Be thankful the change in the law has increased market awareness about
accessibility. OK other people have entered the market but nothing can
take away Kynn's experience and enthusiasm can it? That's the first
thing I would suggest was put in the strengths column if he did an
examination of the strengths weaknesses opportunities and threats of his
current situation.

It's great doing things in theory but doing them in practise is
something else. Anyone can set themselves up as an expert in something
and appear to others as though they know what they are talking about
when really they know hardly anything. For example during January last
year I went off on a complete bunny trail while doing an assignment for
uni. I ended up writing a 40 page book on accessibility. It had 5
sections
Section 1 - why bother (covering legal requirements in the UK)
Section 2 - an overview of why different groups need help and what sort
of help that is likely to be
Section 3 - checking a site for accessibility
Section 4 - practical things to do to make a site more accessible
Section 5 - where can I find out more
I was going to hand it in as part of the assignment but then realised
that if I did that I would lose control of what I had done.

I am definitely no expert and certainly don't have a lot of experience
but because of what I have read I have been able to put together
something that is readable. In fact if truth be known I suspect some
people would recognise certain passages as whole chunks of text were
literally copied and pasted from websites directly into Word.

I had not learnt to use HTML at that point so I hardly knew what all
these web sites were talking about when they gave hints and tips. It
makes a lot more sense now I have got a better idea how to use HTML.

I am now in a quandary I have something that I could use to supplement
my income so that I could pay off my debts. What do I do with it? I have
not exactly written every word myself although I have edited it all
together so can I truly claim authorship and therefore take all the
profits should I sell copies. But can I afford to give it away to people
that I come across who will find it useful? On the other hand if people
find it useful do I have the right to keep it to myself?

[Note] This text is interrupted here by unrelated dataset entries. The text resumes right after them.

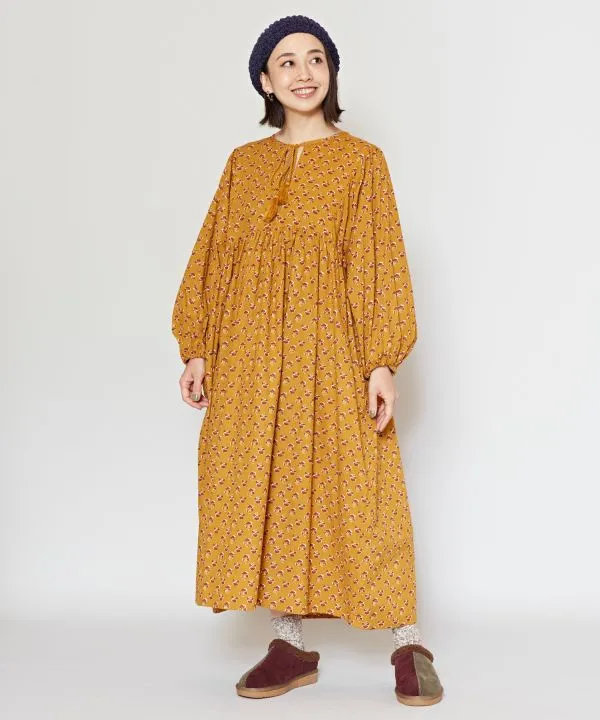 Block Print Style Dress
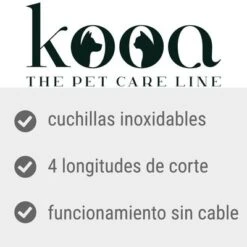 Máquina Cortapelo Kooa GEAR Mini -Suministros Para Mascotas kooa 2 7
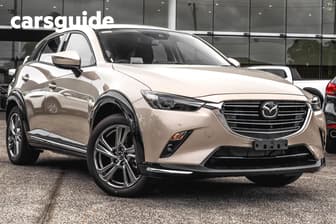 Silver 2026 Mazda CX-3 Wagon G20 Akari
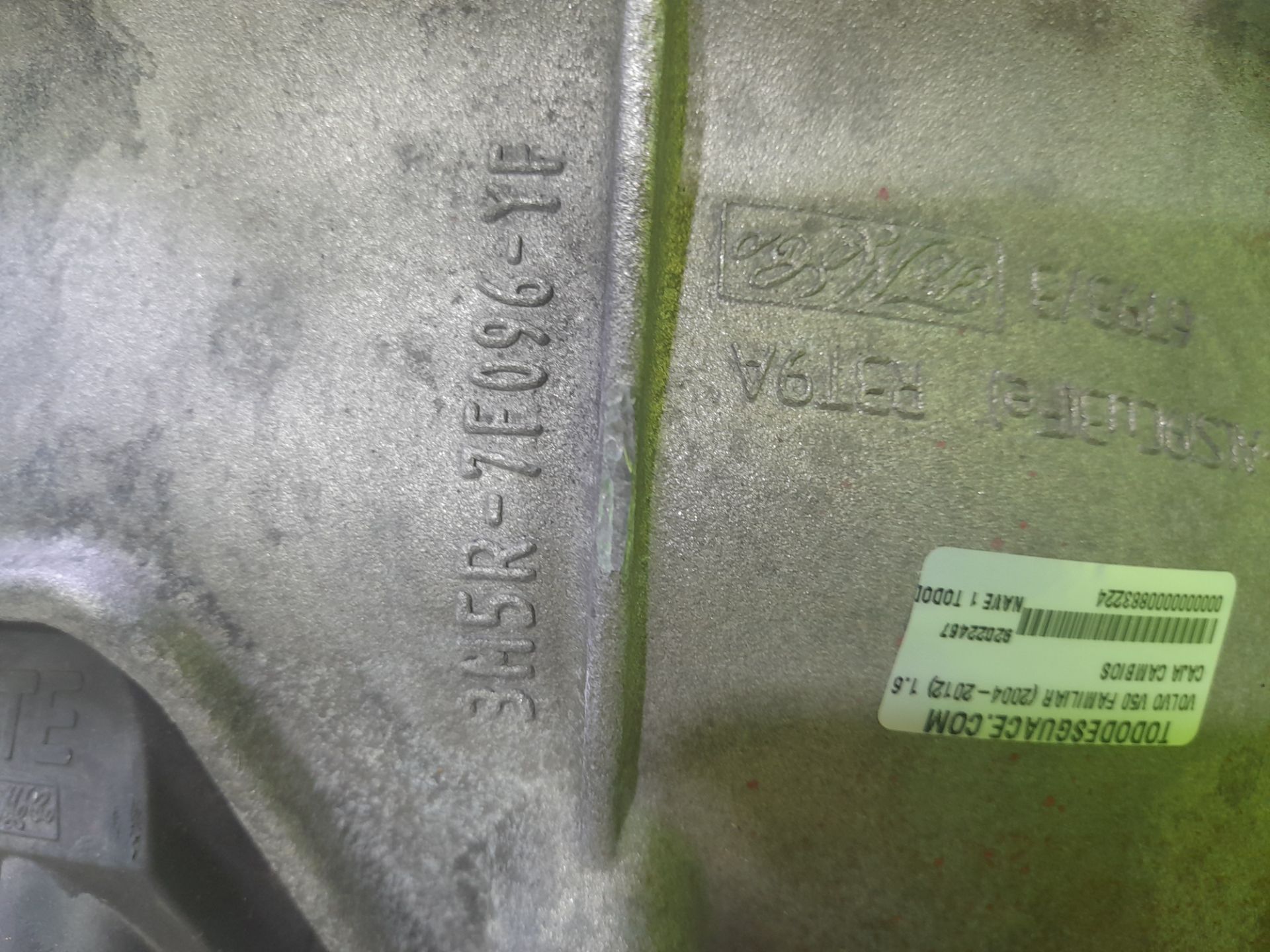 Caja cambios volvo v50 familiar 1.6 d momentum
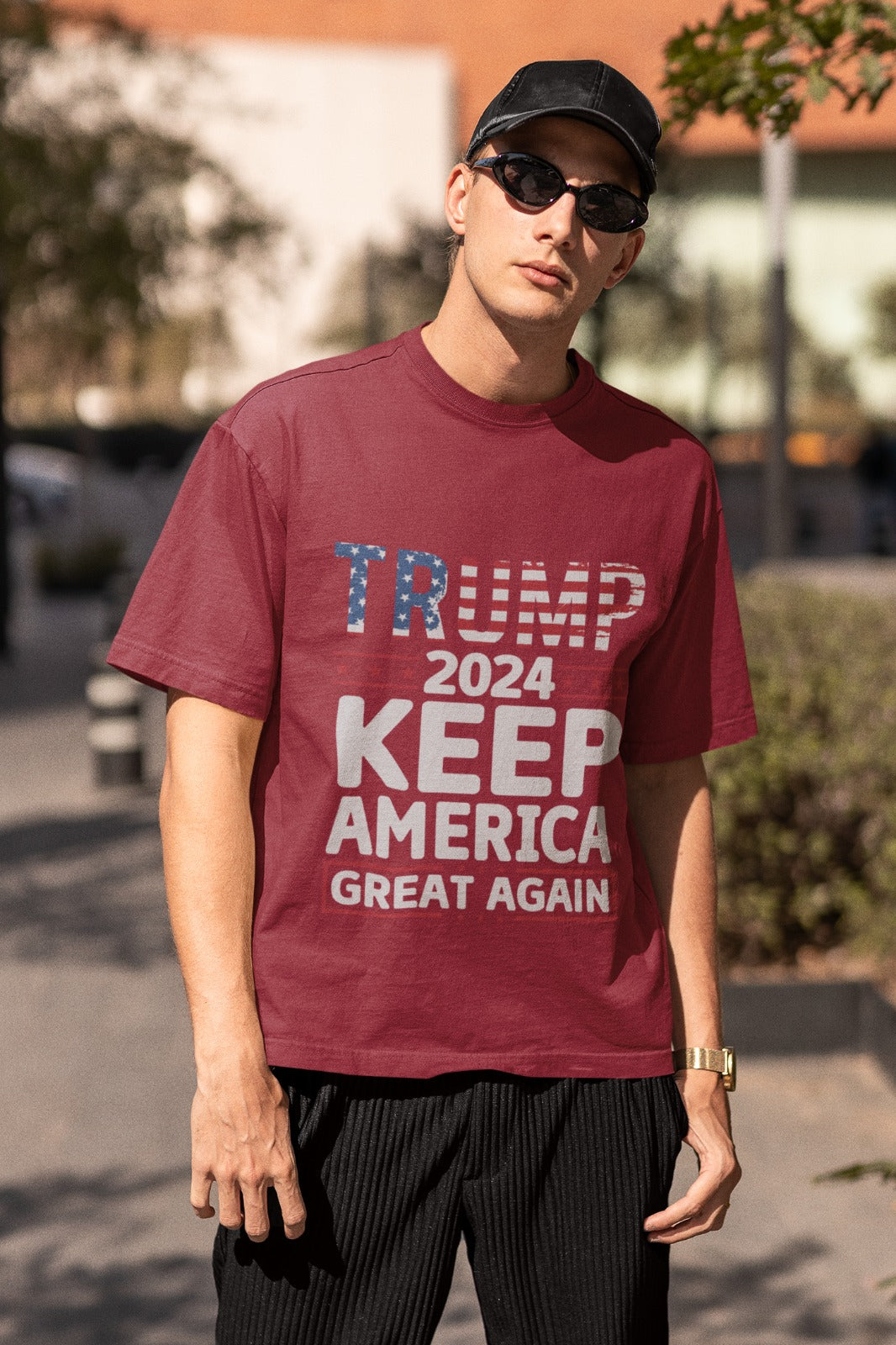 Unisex Softstyle T-Shirt - Customize With Trump Support Designs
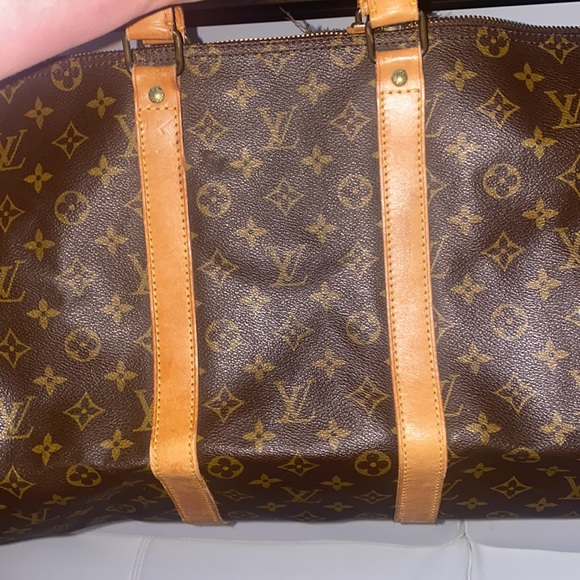 📸🎥NEW PICS + VIDEO ADDED🎥📸 Louis Vuitton Monogram Keepall 55 - Picture 5 of 17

At the moment I can print off 40 pages and bind them with a clear front
cover, white back cover and a black comb so they look reasonably
professional. What about having it available to download and either
giving it away or if it could be organised charging a fee? I have been
exploring this possibility with other things I have written which have
fewer copyright issues so I know it is possible. Someone else gets quite
a chunk of the cash generated but it's possible.

The thing about charging a fee is that it can give you a greater sense
of worth in that people are actually buying what you have created. I
suspect this has something to do with Kynn's situation as I got a sense
that he was working hard and yet his work was not being valued in
monetary terms while he sees others being rewarded. On the other hand
there are other benefits to be had apart from financial gain but of
course they do not pay the bills. I for one have appreciated having
access to an affordable course in accessibility and indeed could never
have done it if it was much more expensive.

I am no expert at accessibility or developing web sites In fact I would
call myself a novice who is improving. However, I have research and
writing skills which make it easier for me to find out things and write
them up than many other people.

I read Kynn's message and thought what on earth do I do now? I don't
like stepping on toes although I am often more honest than tactful.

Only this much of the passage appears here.